TASK BRIEF = Every line from the first record below down to the line that includes "IKEA Black Knife Set with Block" must be reproduced exactly; the pictures are not.

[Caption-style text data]
+ + + + +

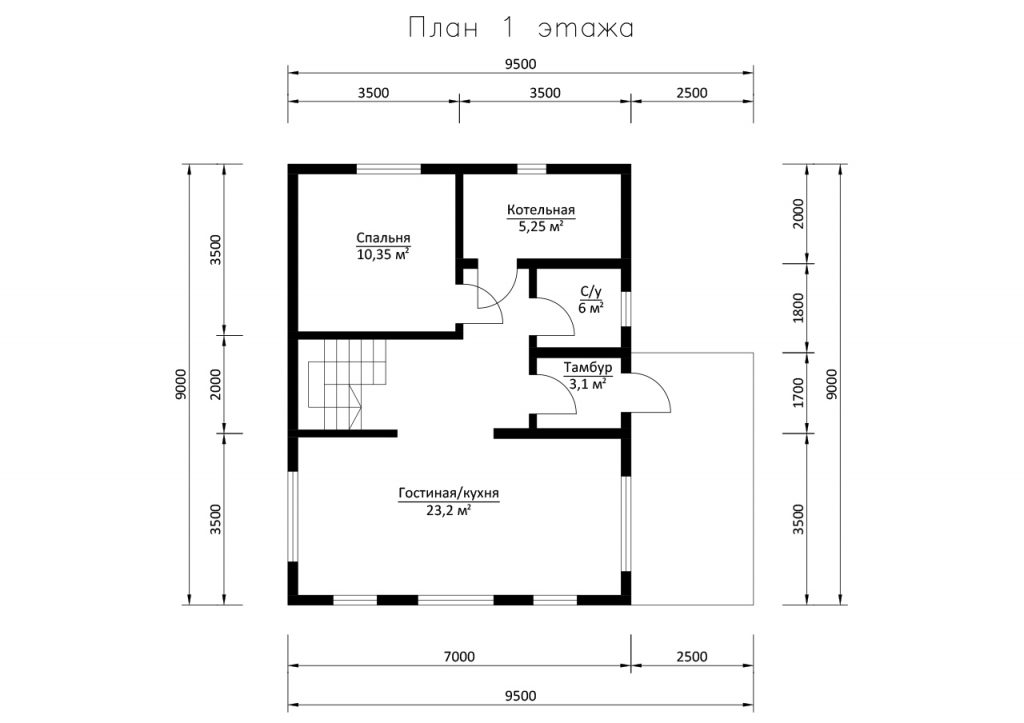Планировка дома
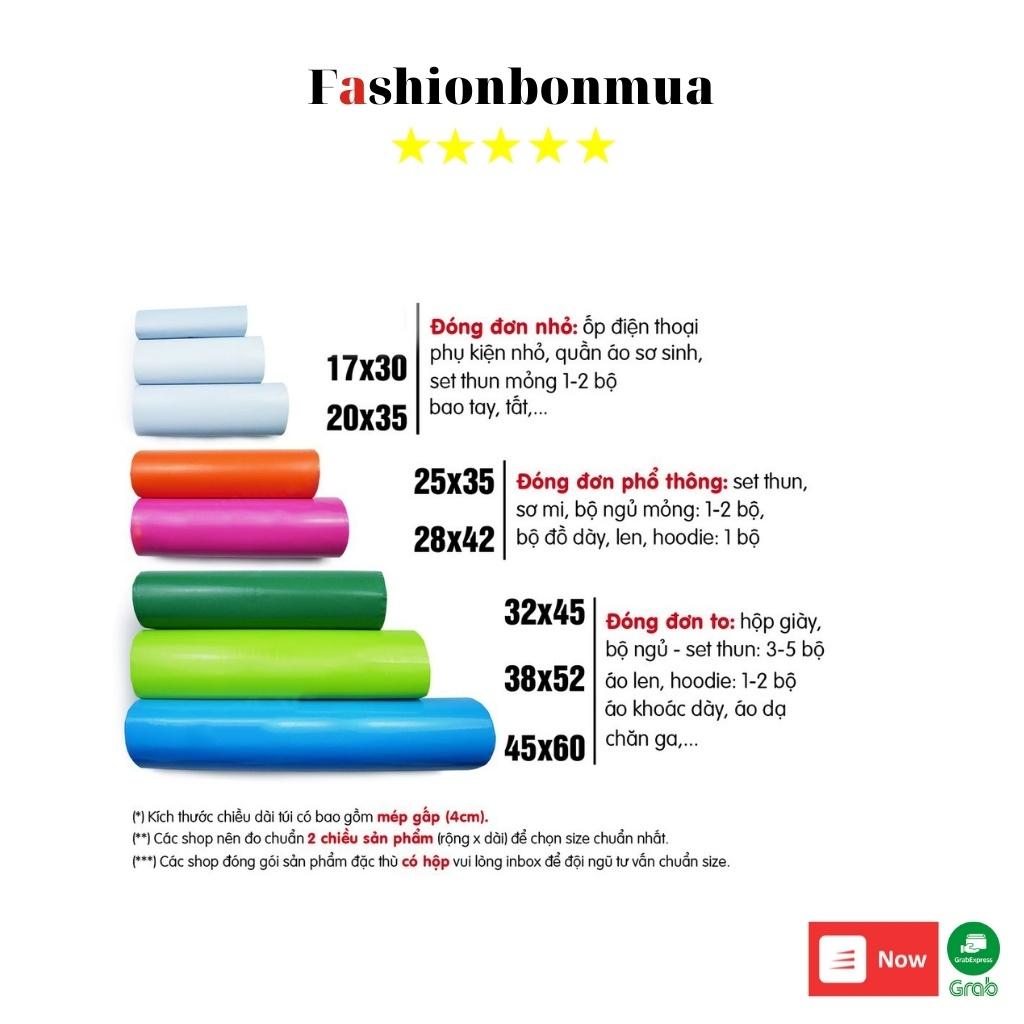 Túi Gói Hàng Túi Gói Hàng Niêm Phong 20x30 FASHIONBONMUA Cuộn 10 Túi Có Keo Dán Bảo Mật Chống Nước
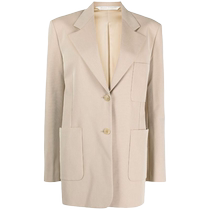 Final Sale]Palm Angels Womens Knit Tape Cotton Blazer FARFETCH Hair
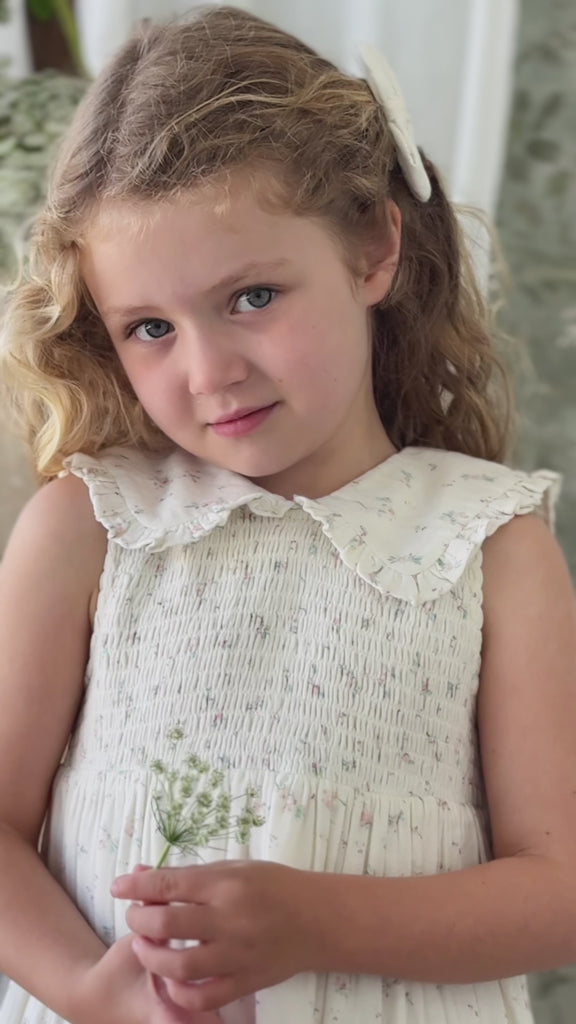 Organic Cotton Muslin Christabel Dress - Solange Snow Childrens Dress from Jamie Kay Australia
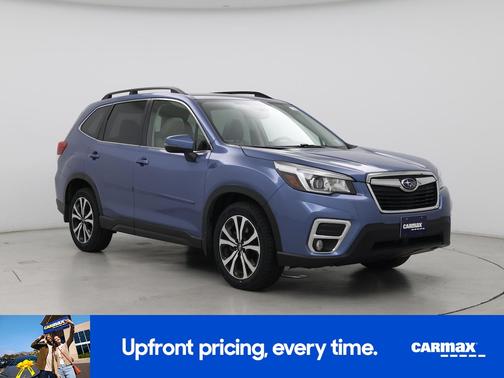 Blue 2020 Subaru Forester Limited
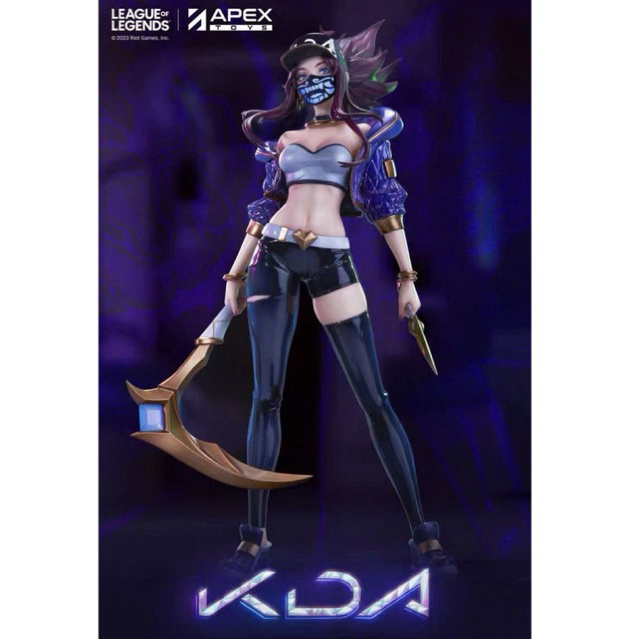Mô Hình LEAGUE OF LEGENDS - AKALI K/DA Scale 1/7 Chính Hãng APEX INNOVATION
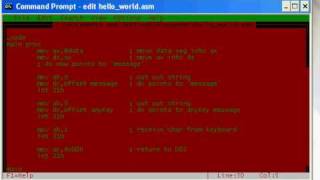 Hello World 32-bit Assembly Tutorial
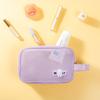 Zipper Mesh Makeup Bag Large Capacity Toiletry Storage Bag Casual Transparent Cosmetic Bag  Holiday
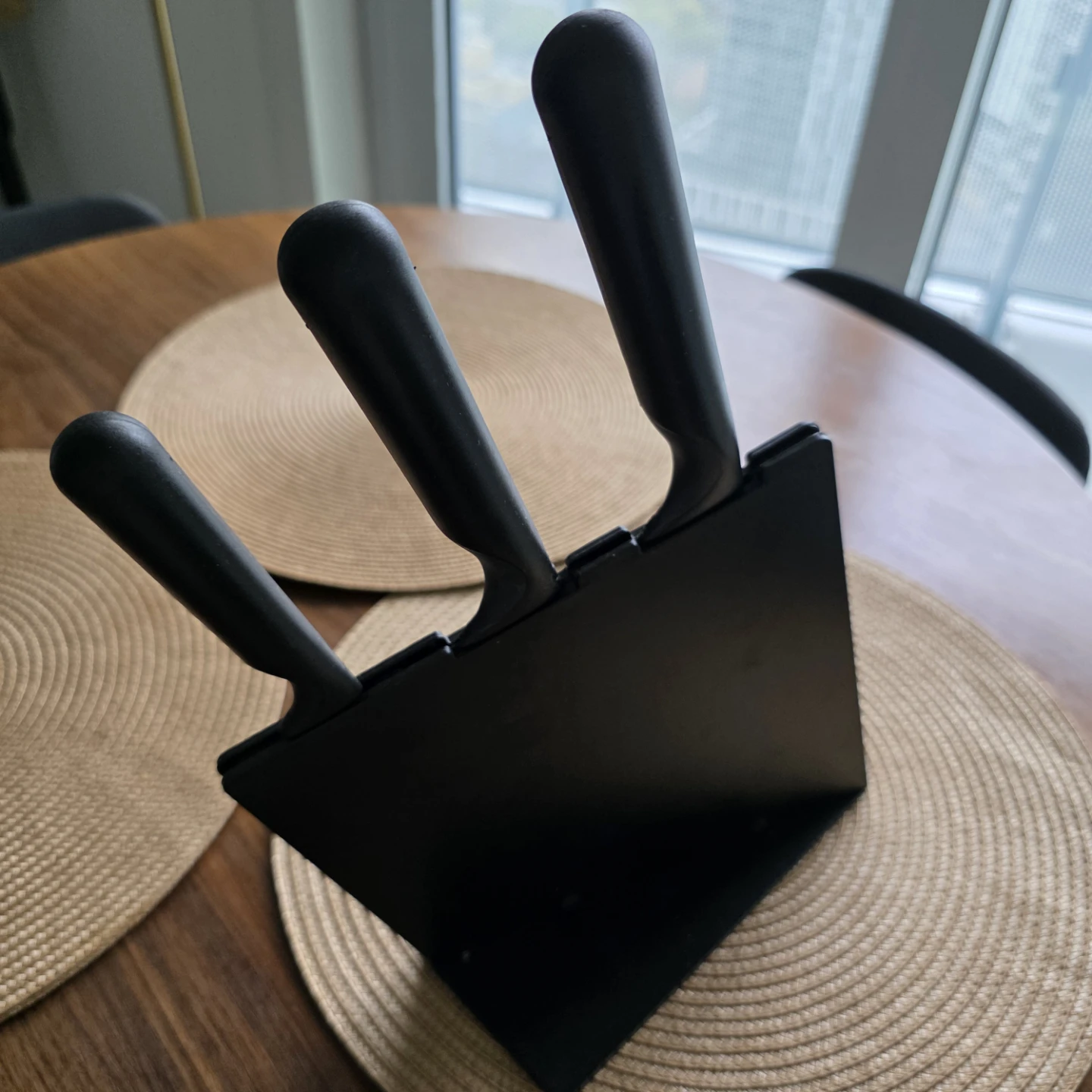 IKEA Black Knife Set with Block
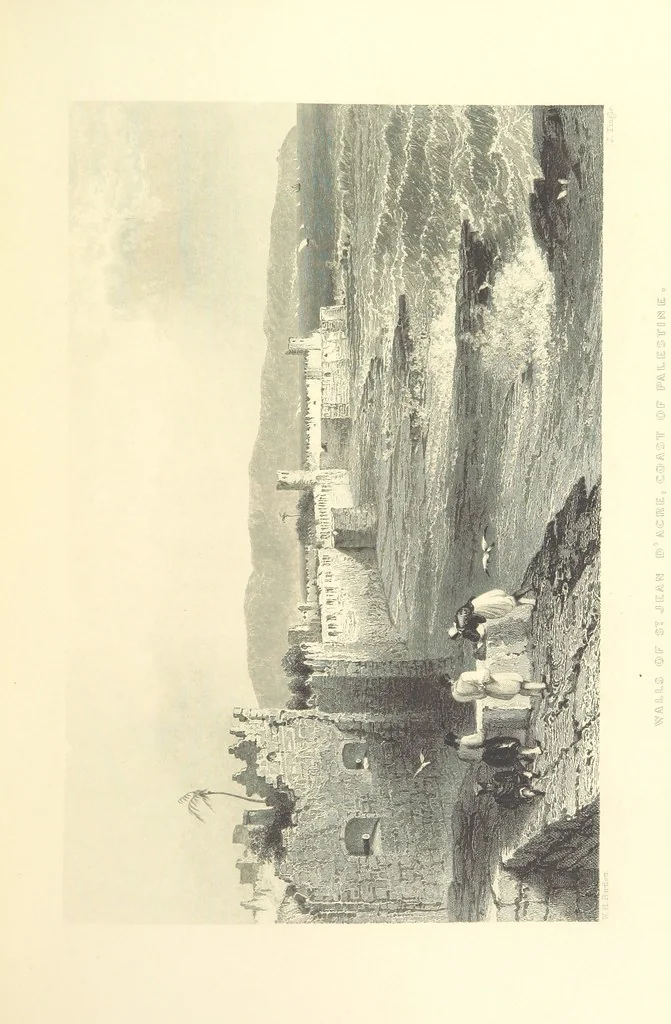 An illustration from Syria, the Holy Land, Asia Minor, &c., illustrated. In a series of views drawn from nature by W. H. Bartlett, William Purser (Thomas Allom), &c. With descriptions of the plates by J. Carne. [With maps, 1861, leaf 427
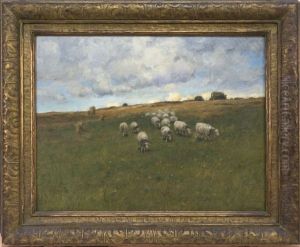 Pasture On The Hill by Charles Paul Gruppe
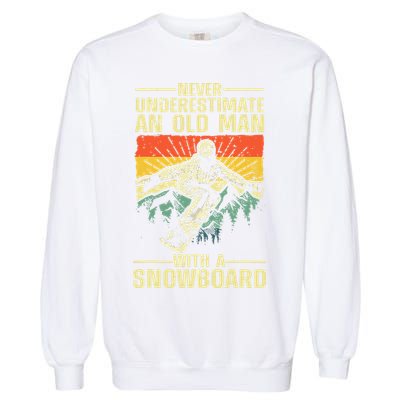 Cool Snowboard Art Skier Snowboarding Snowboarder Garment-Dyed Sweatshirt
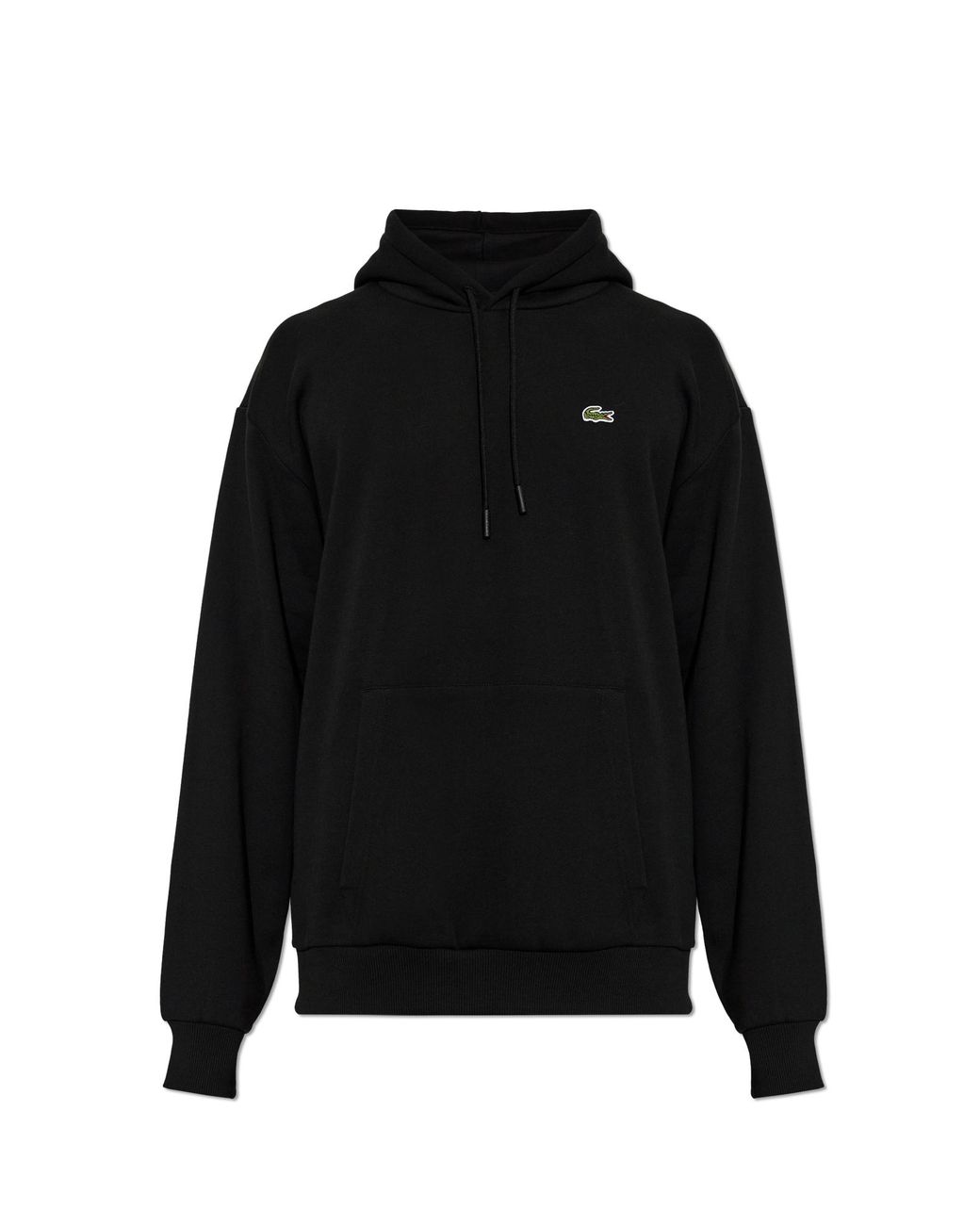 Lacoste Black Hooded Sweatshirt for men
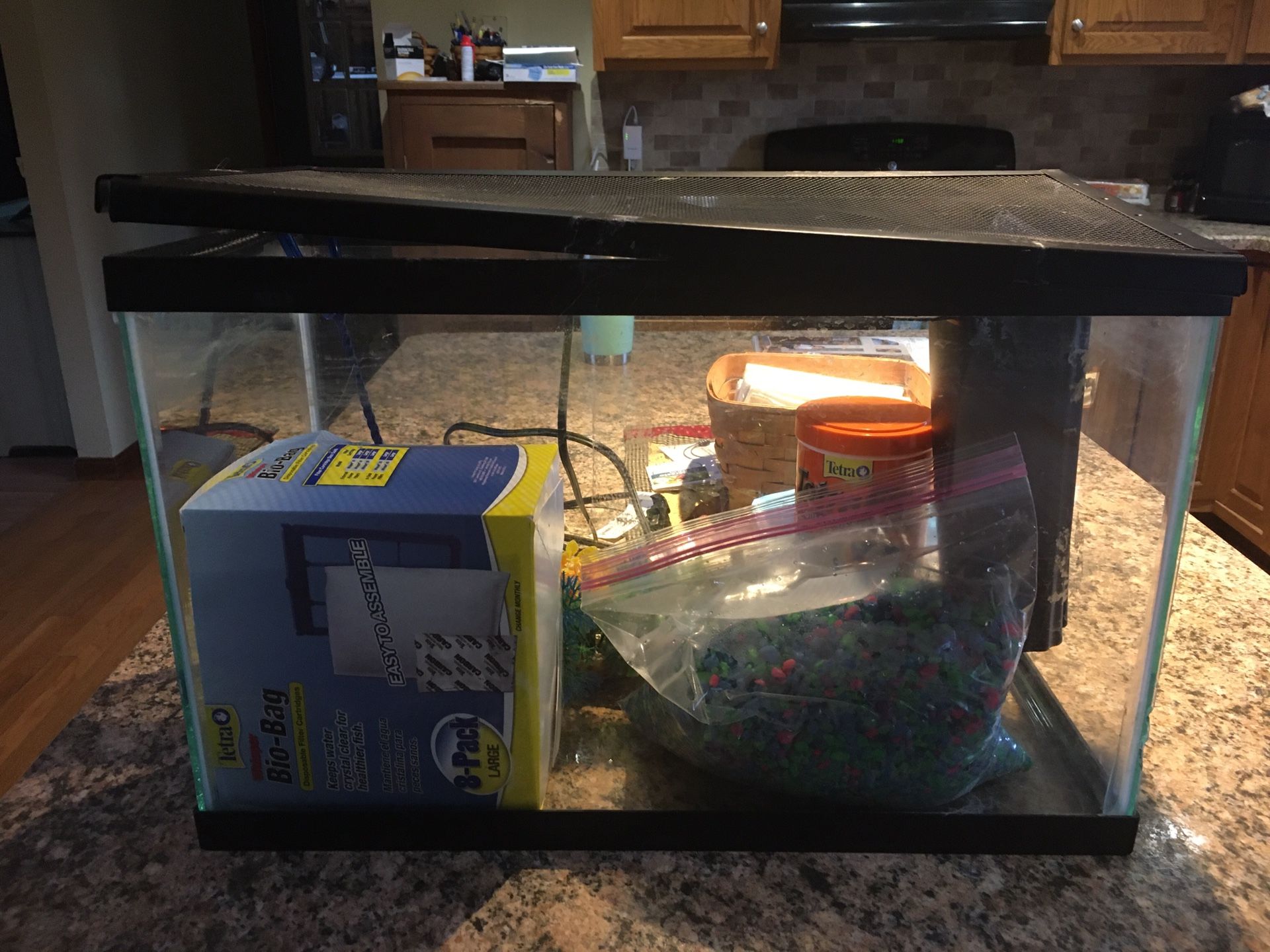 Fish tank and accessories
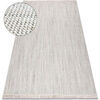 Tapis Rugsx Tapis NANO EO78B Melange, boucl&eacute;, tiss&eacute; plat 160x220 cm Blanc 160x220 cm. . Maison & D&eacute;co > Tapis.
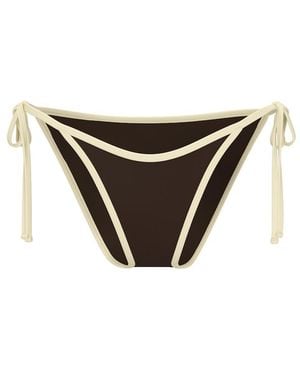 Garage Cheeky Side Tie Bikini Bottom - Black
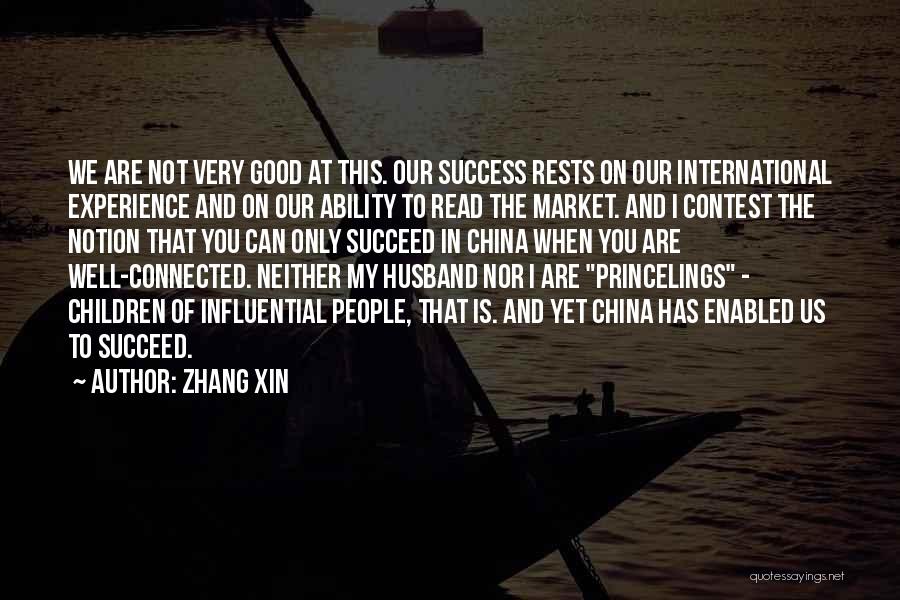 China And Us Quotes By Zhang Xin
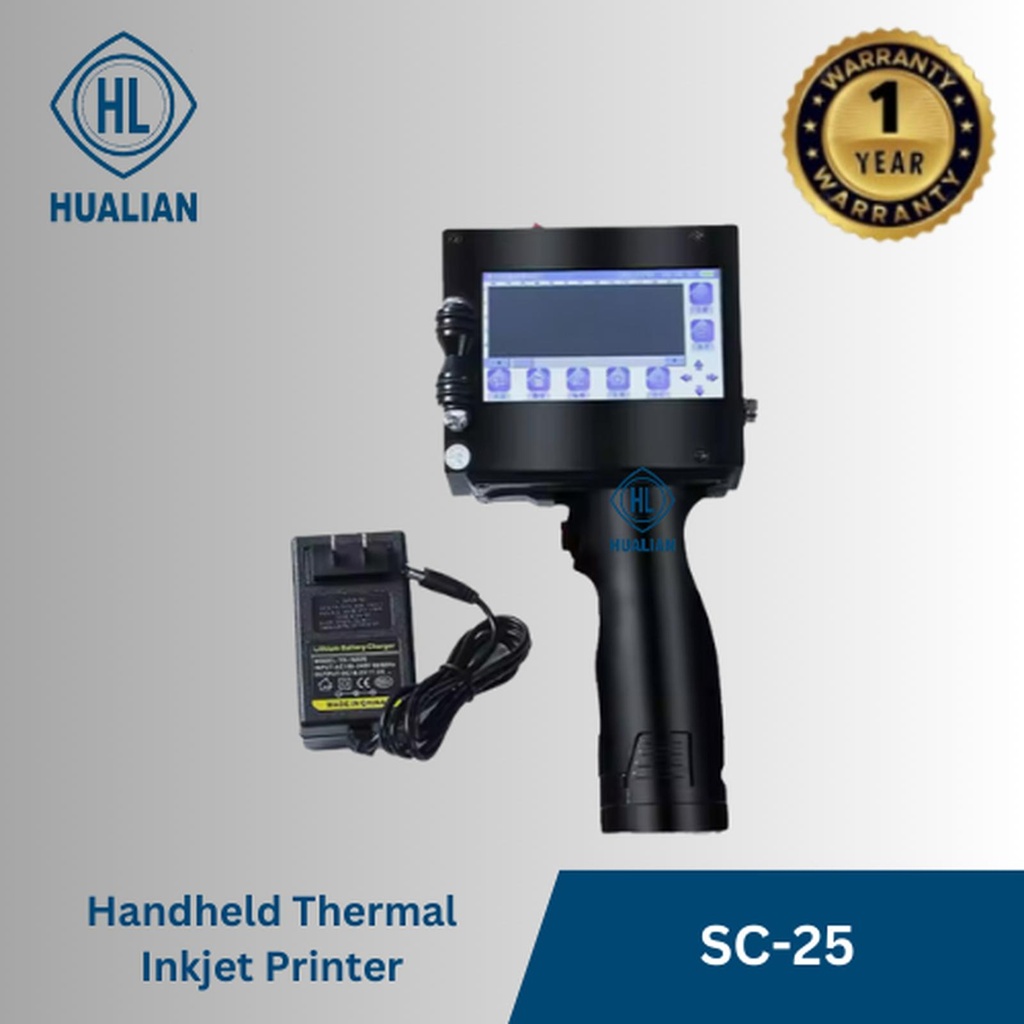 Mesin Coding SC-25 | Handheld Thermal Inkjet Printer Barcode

+ + + + +

SOLUTION FOR THIS EXERCISE =
Планировка дома
 Túi Gói Hàng Túi Gói Hàng Niêm Phong 20x30 FASHIONBONMUA Cuộn 10 Túi Có Keo Dán Bảo Mật Chống Nước
 Final Sale]Palm Angels Womens Knit Tape Cotton Blazer FARFETCH Hair
 Organic Cotton Muslin Christabel Dress - Solange Snow Childrens Dress from Jamie Kay Australia
 Blue 2020 Subaru Forester Limited
Mô Hình LEAGUE OF LEGENDS - AKALI K/DA Scale 1/7 Chính Hãng APEX INNOVATION
 Hello World 32-bit Assembly Tutorial
 Zipper Mesh Makeup Bag Large Capacity Toiletry Storage Bag Casual Transparent Cosmetic Bag  Holiday
 IKEA Black Knife Set with Block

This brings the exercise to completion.